Input records =>

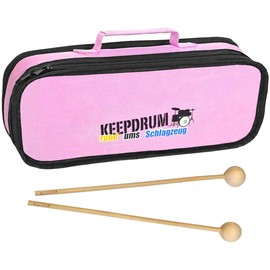 keepdrum MB01PK Glockenspiel Bag Pink + Mallet MST04 1 Pair Fits Sonor Chime Models GS, SG, MG, GP, NG10 and G10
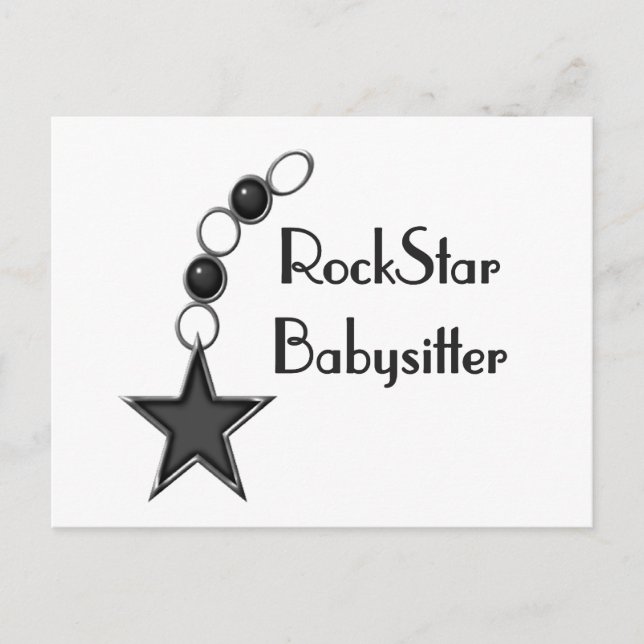Rock Star Babysitter Postcard (Front)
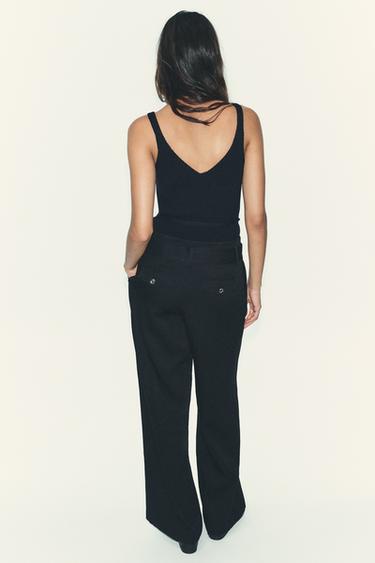 BELTED WIDE-LEG TROUSERS - Navy blue by Zara - Image 5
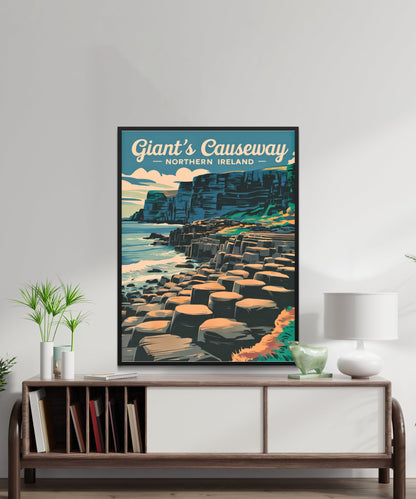 Giant's Causeway Vintage Travel Poster - Mystical Coastal Beauty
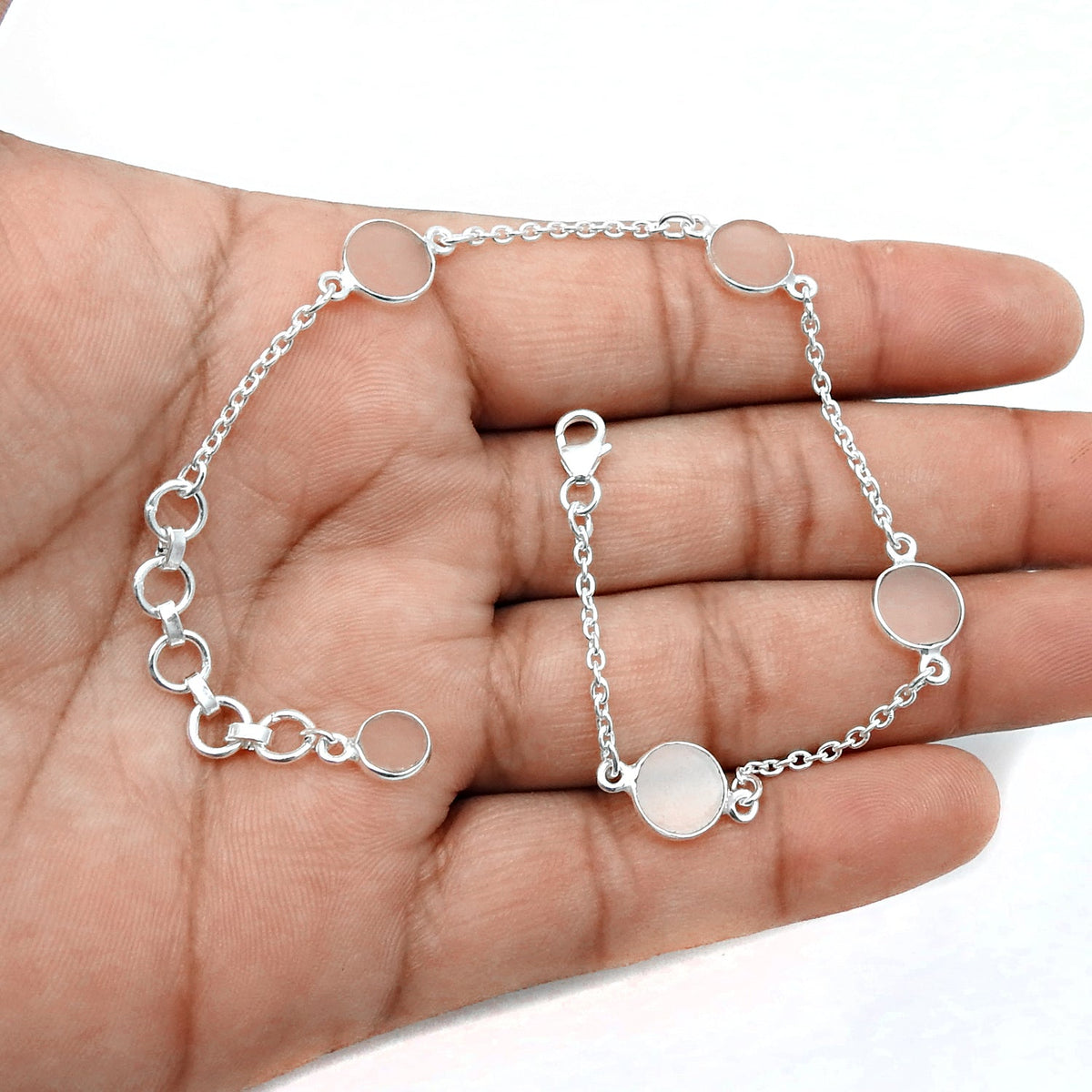 101 Round Rose Quartz Gemstone Solid Silver Bezel Chain Birthday Trendy New Bracelet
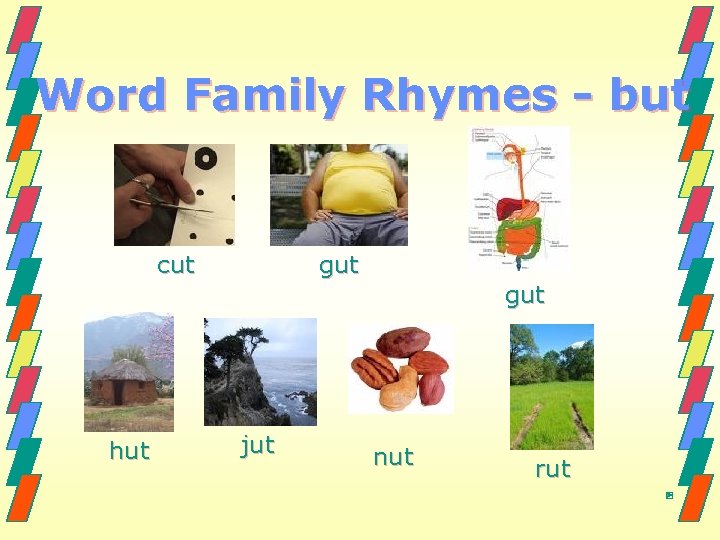 Word Family Rhymes - but cut hut gut jut gut nut rut 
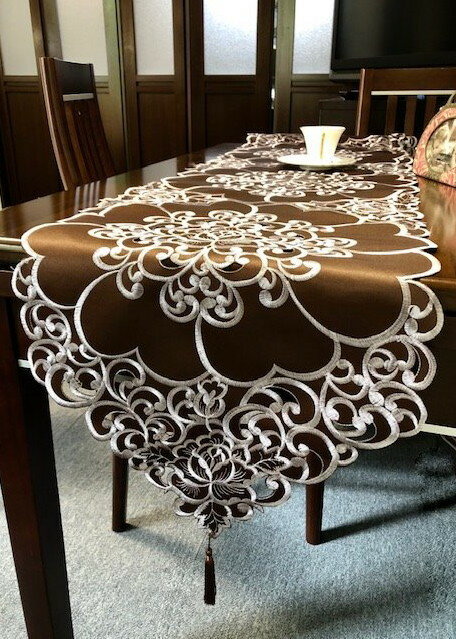 ブラウン≫カットワーク薔薇刺繍/テーブルランナー40X250cm brown ロング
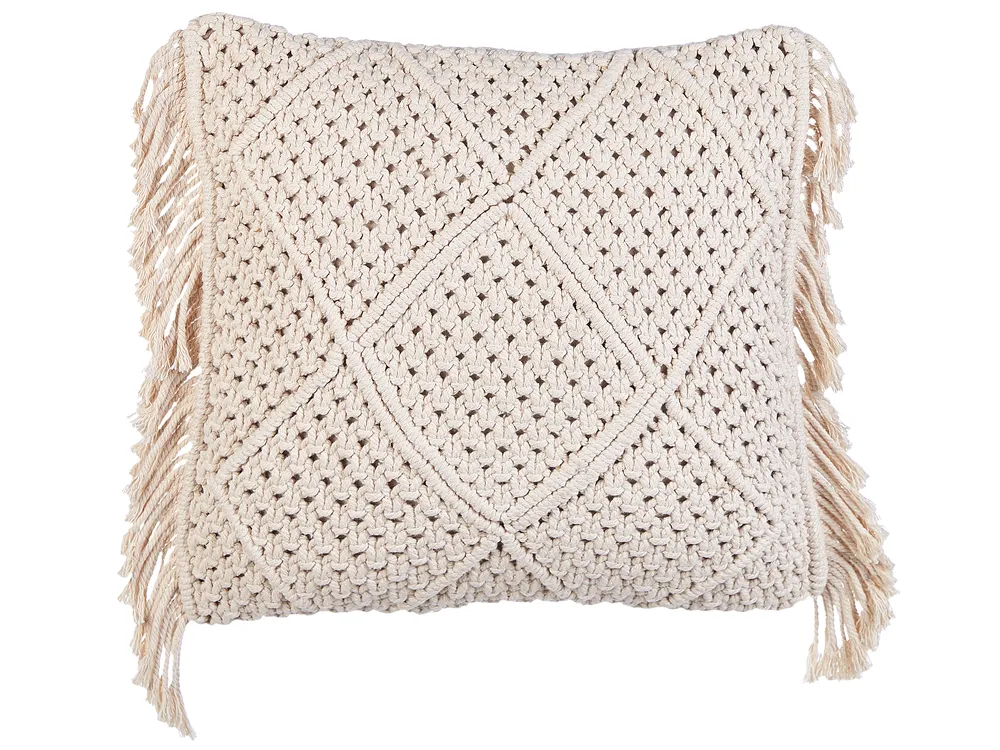 Set di 2 cuscini BESHAM 45 x 45 cm Cotone Beige chiaro Trama geometrica_904589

What the task requires =>
Repeat, without pictures, exactly the lines of the data above from the one containing "Rock Star Babysitter Postcard (Front)" through the one containing "ブラウン≫カットワーク薔薇刺繍/テーブルランナー40X250cm brown ロング", including both and adding nothing.

Result of this exercise =>
Rock Star Babysitter Postcard (Front)
 BELTED WIDE-LEG TROUSERS - Navy blue by Zara - Image 5
 Giant's Causeway Vintage Travel Poster - Mystical Coastal Beauty
 101 Round Rose Quartz Gemstone Solid Silver Bezel Chain Birthday Trendy New Bracelet
 Word Family Rhymes - but cut hut gut jut gut nut rut 
 ブラウン≫カットワーク薔薇刺繍/テーブルランナー40X250cm brown ロング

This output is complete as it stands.